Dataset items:
[Start of Attachment]
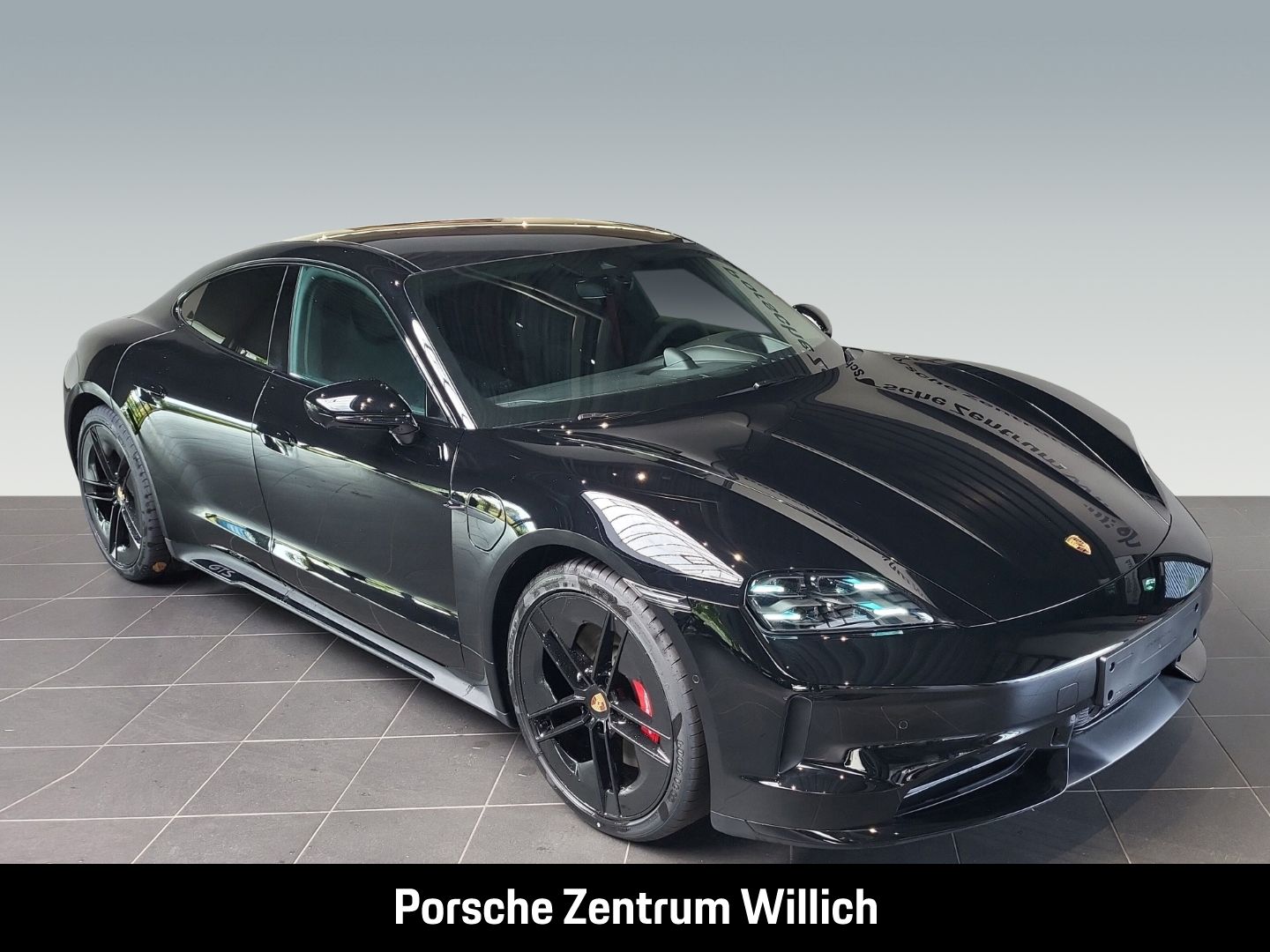 Porsche Taycan GTS HA-Lenkung Active-Ride Head-Up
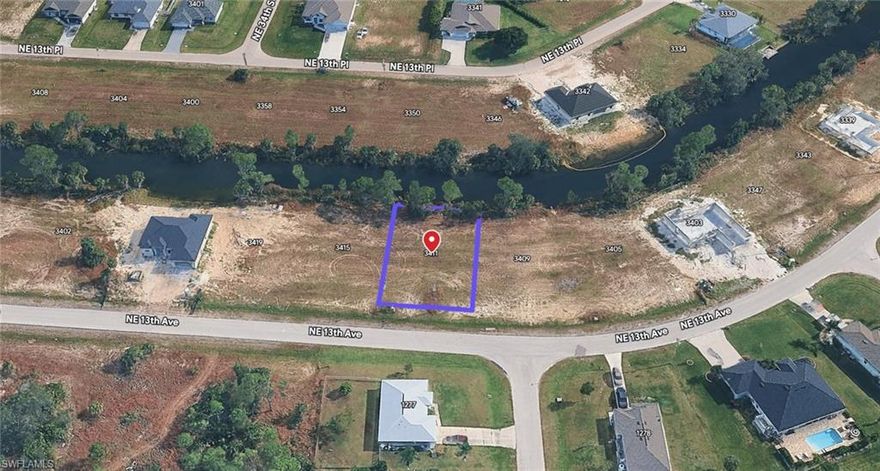 Freshwater single family home building lot ready to build.  Not in a flood zone.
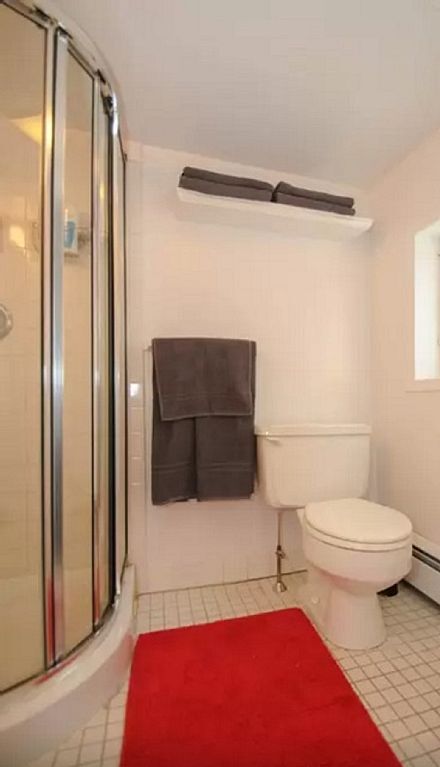 bath - 1726 Sansom St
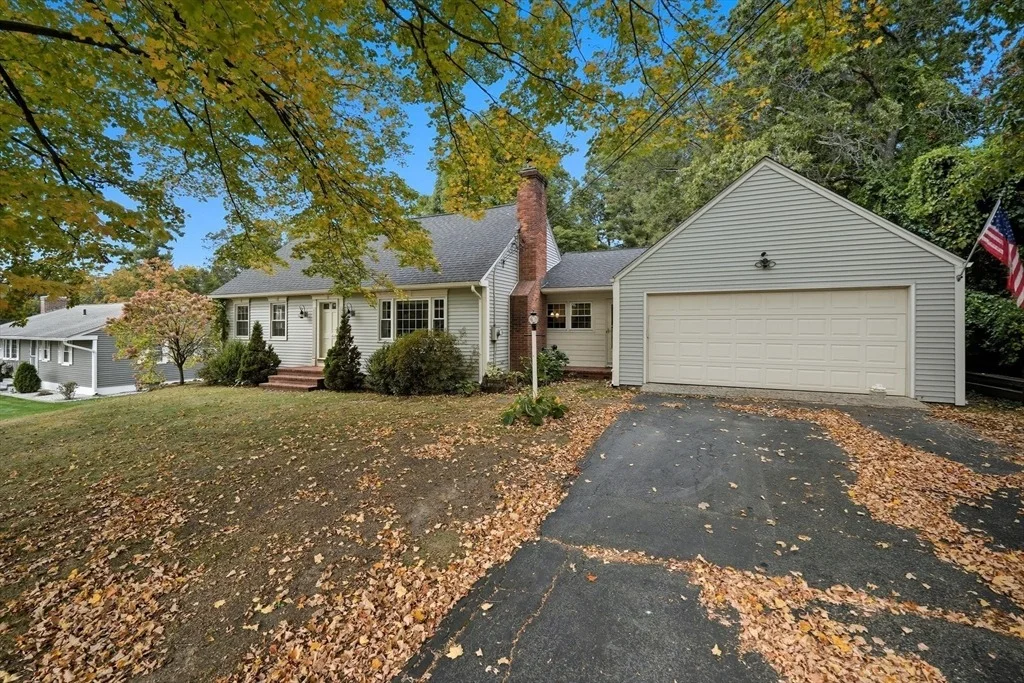 Photo of 11 Hickory Hill Dr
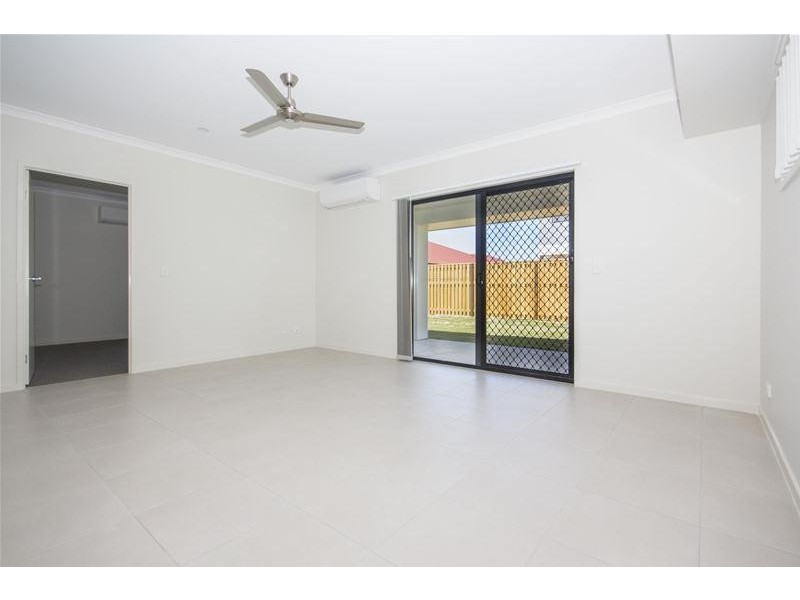 33 Butterleaf Crescent, Pimpama QLD 4209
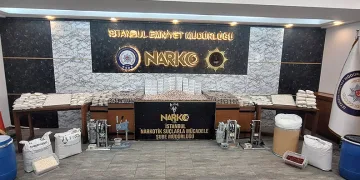 Operasyonda ele geçirilen uyuşturucular emniyette sergilendi
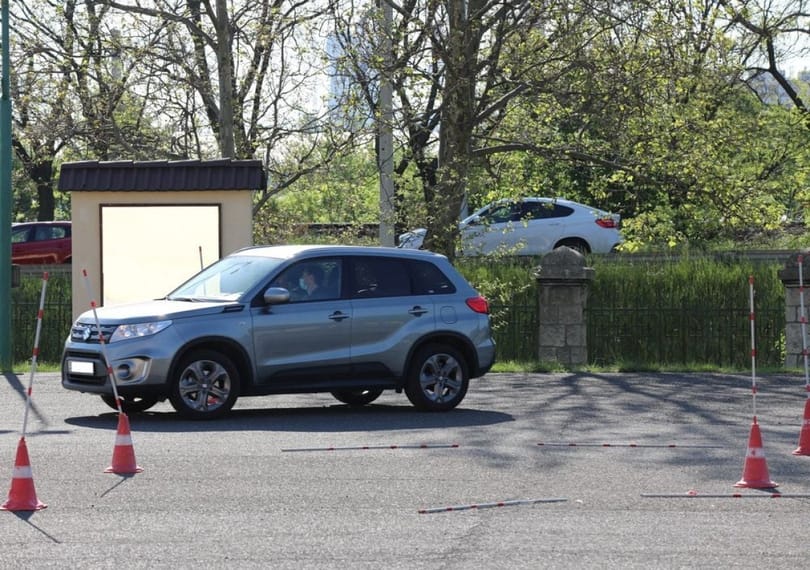 Aggódnak az autósiskolák: ha valóban ingyen lesz a jogsi, ők hosszabb távon bezárhatnak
[End of Attachment]
Activity: Leaving aside the images, write out every entry above exactly.

Answer box:
 Porsche Taycan GTS HA-Lenkung Active-Ride Head-Up
 Freshwater single family home building lot ready to build.  Not in a flood zone.
 bath - 1726 Sansom St
 Photo of 11 Hickory Hill Dr
 33 Butterleaf Crescent, Pimpama QLD 4209
 Operasyonda ele geçirilen uyuşturucular emniyette sergilendi
 Aggódnak az autósiskolák: ha valóban ingyen lesz a jogsi, ők hosszabb távon bezárhatnak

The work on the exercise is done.